The buyer should consider leaving in an inspection contingency to continue his or her investigation and obtain specialty reports for things like foundation inspections and septic inspections. While buyers are often told that their offer looks less competitive, the value that comes from having an additional inspection, such as a foundation inspection, could save the buyer potentially many thousands of dollars in repairs.

A further inspection could reveal issues with unpermitted or nonconforming structures, such as a sun room having an non-compliant foundation. 
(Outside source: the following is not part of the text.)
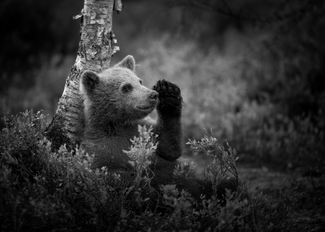 Bearcub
Neighbor interviews are also good ways to learn about characteristics of the school that may not have been in the disclosures.  Perhaps there is a school nearby and morning traffic is a gridlock.  Perhaps there is a church nearby and they have a conditional use permit to double park on Sunday mornings.  None of these may be deal killers for the buyer, but having more data gives the buyer more ability to assess one property when compared with another, or whether a further investigation is needed.



Though often referred to as a “title report” the title insurance industry is not actually providing you with a title report.  Instead, they are offering to insure your title subject to a long list of exclusions.  That means that if the title company has conducted a public record search and found items affecting your property, they will list those items and not insure any problems that arise from those items.
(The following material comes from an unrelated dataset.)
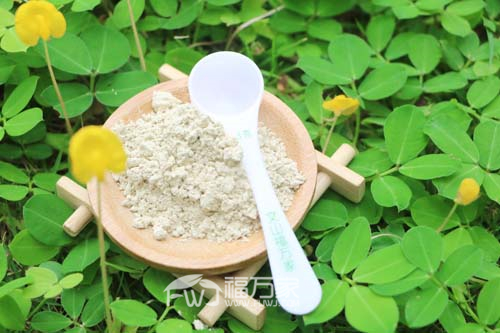 三七粉吃多少克合适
The preliminary report from the title company is often difficult to understand, especially if the property is a condominium or townhouse, or has a metes and bounds description.  Your real estate professional is not a surveyor and is not usually in a position to assess if the property’s legal description is accurate.  Also, the exclusions often include easements and liens such as judgments and mortgages.  Accordingly, your legal professional also may not be able to identify or talk about the effect of the seller’s PACE (or HERO) lien for their solar panels.

These documents often provide further questions to answer and often, consulting with the title officer, any attorney or surveyor or civil engineer may be the only way to definitely answer or assess the issues raised by the preliminary report and linked documents.



*** BONUS – HOA Issues

If you are purchasing a unit in a planned development, the Homeowner’s Association will usually provide a large package of documents.  Unfortunately, the buyer often only has a couple of days to review these items.  The documents should include a summary sheet and about whether any special assessments have been approved and the documents should also include the HOA minutes, bylaws and financials.

Those documents tell the buyer about the overall health and management of this community.  Failure to study these documents closely could lead to a rude awakening.  Perhaps the minutes note that the pool will be shut down for repairs for a long while.  Perhaps the minutes note that the driveways are in need of repair and that the Board will soon seek competitive bids.  Review of the financials may show the HOA has failed to reserve sufficient sums for major repairs and maintenance. 



A real estate purchase here in the San Francisco Bay Area is incredibly expensive.  Similarly, general contractors and other construction trades are in high demand and also costly to engage and difficult to schedule.  A significant repair can derail the investment potential when the investor is already running on narrow profit margins.  Taking the time to engage in the due diligence efforts above can save a buyer time and money and hassle.   A stitch in time saves nine.